Omitting all pictures, retype the entries below exactly as given.

------ DATA LISTING

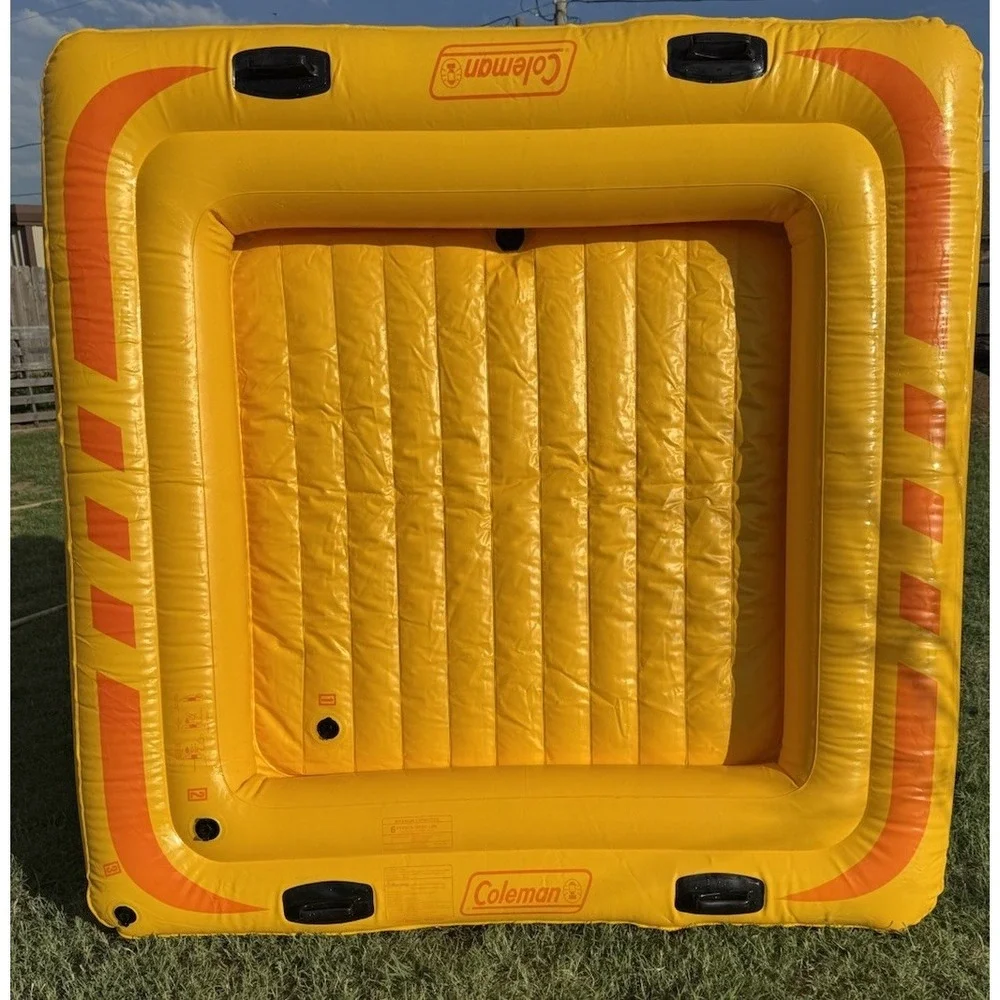 Rare Discontinued Yellow Vintage Coleman Inflatable Party Platform Raft 6 Person - Picture 2 of 7
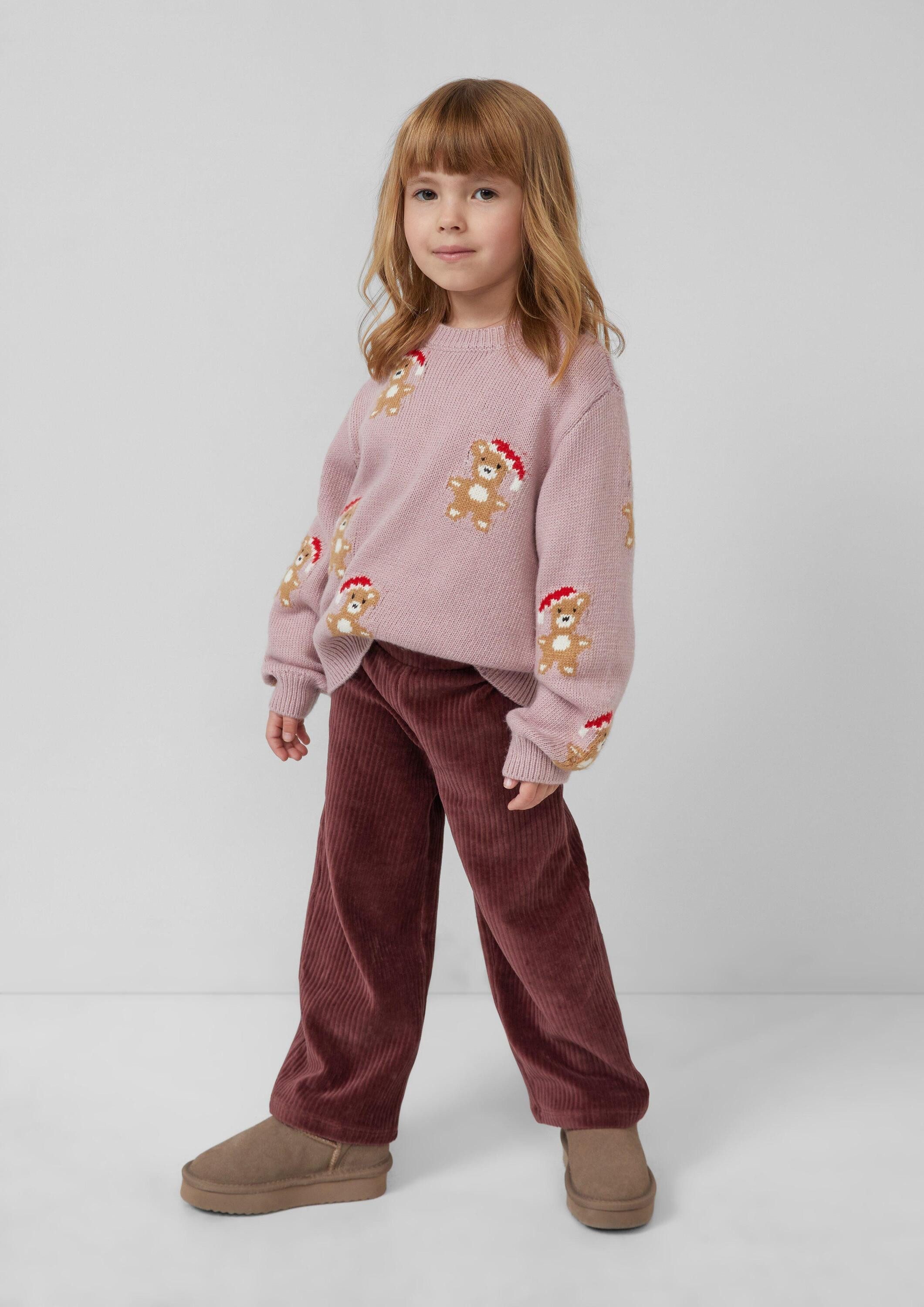 s.Oliver Longpullover Strickpullover Weicher Loose Fit Strickpullover mit Weihnachtsmotiven
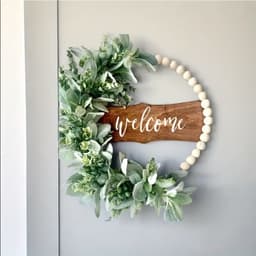1 Handcrafted Wood Bead Wreath – Boho-Farmhouse Spring Wreath With Artificial Flowers And A “Welcome” Sign For The Front Door Or As Wall Decor 5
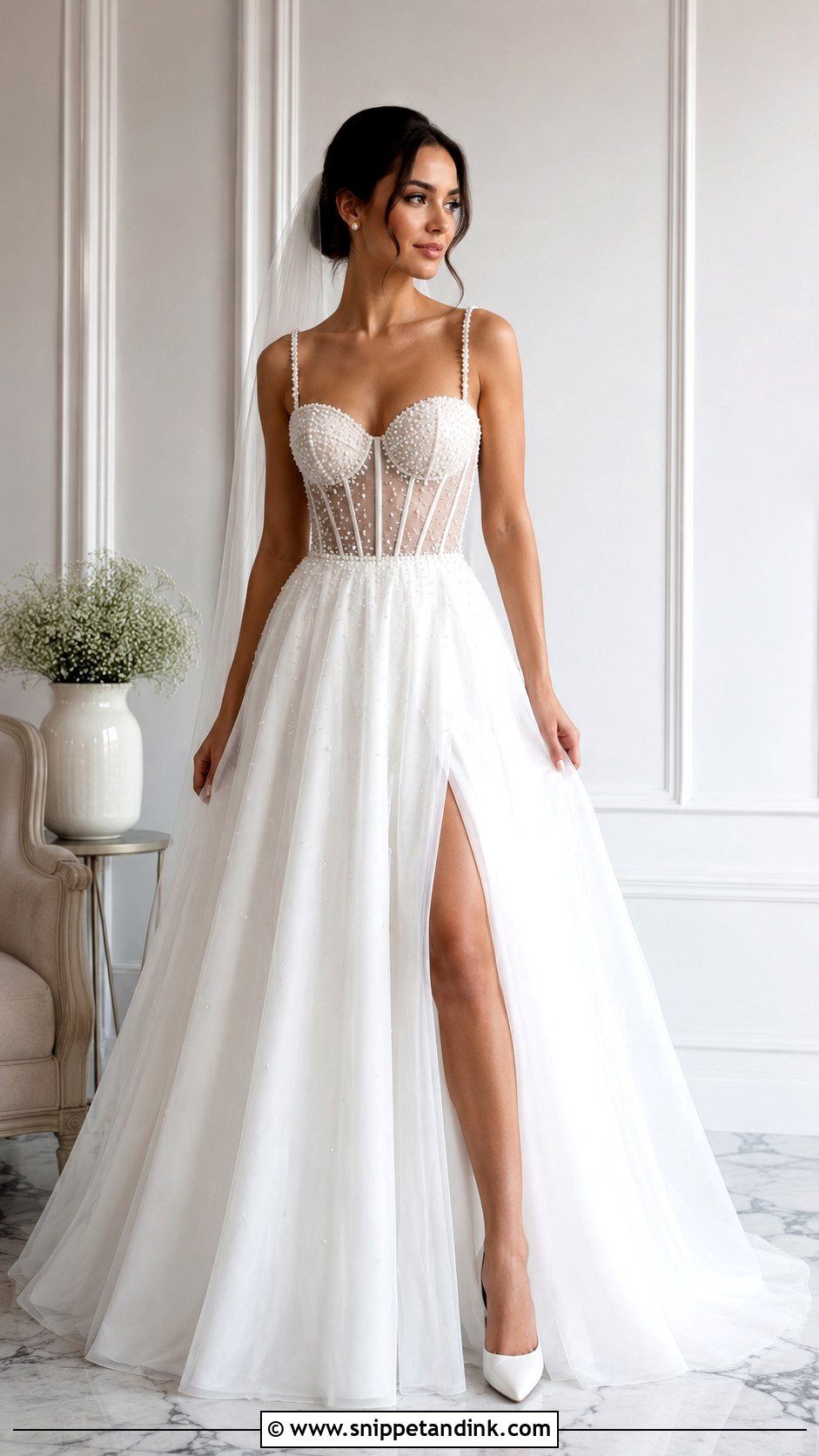 Pearl Beaded Corset Wedding Dress - Snippet and Ink - 25 Pearl Beaded Wedding Dress Ideas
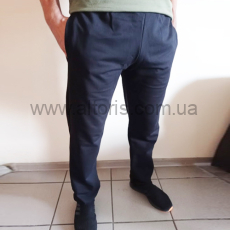 штаны мужские трикотажные прямые - 46-48 L  темно-синие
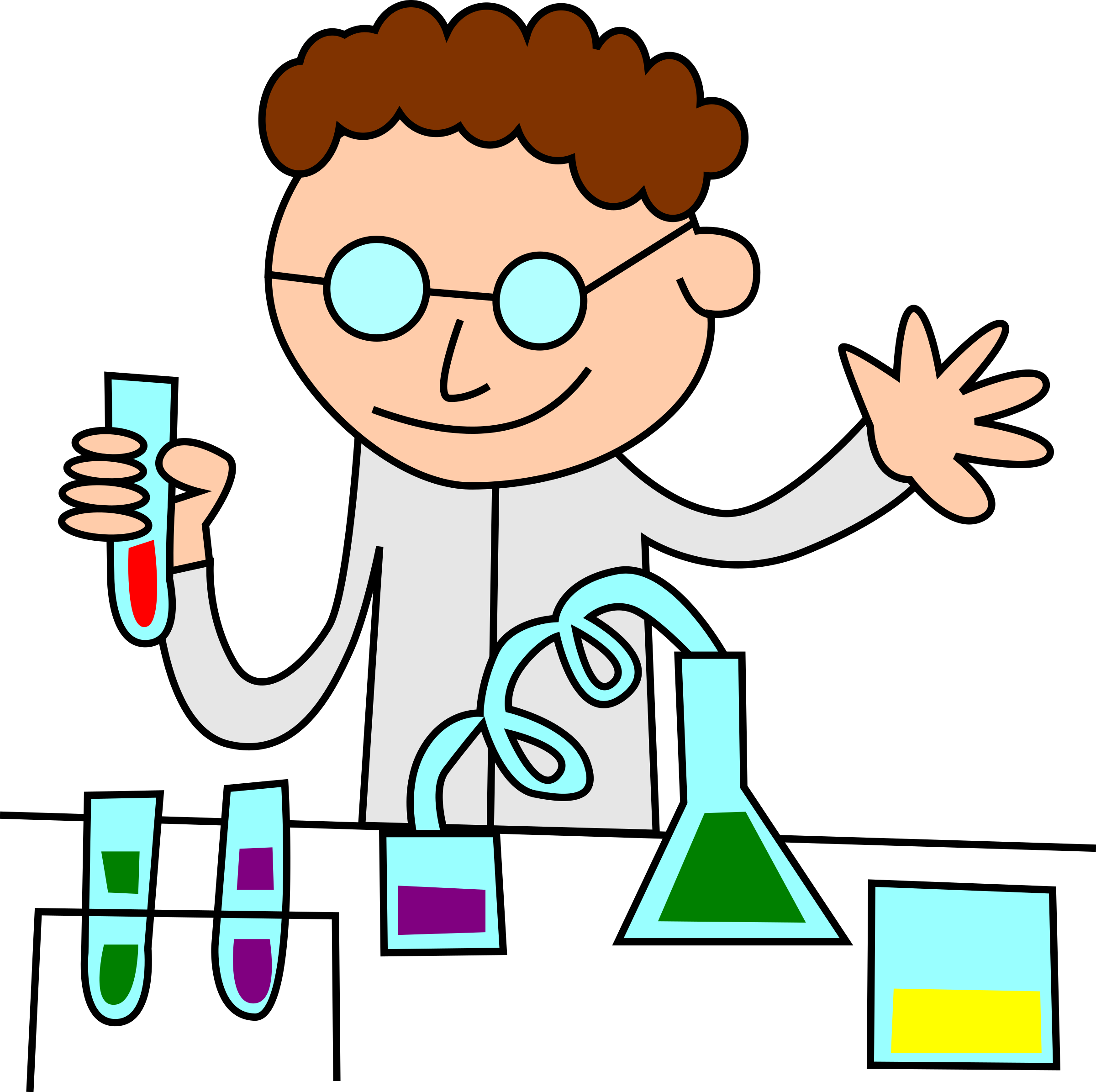 Cartoon Scientist Conducting Experiments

------------

RESPONSE:
 Rare Discontinued Yellow Vintage Coleman Inflatable Party Platform Raft 6 Person - Picture 2 of 7
 s.Oliver Longpullover Strickpullover Weicher Loose Fit Strickpullover mit Weihnachtsmotiven
1 Handcrafted Wood Bead Wreath – Boho-Farmhouse Spring Wreath With Artificial Flowers And A “Welcome” Sign For The Front Door Or As Wall Decor 5
 Pearl Beaded Corset Wedding Dress - Snippet and Ink - 25 Pearl Beaded Wedding Dress Ideas
 штаны мужские трикотажные прямые - 46-48 L  темно-синие
 Cartoon Scientist Conducting Experiments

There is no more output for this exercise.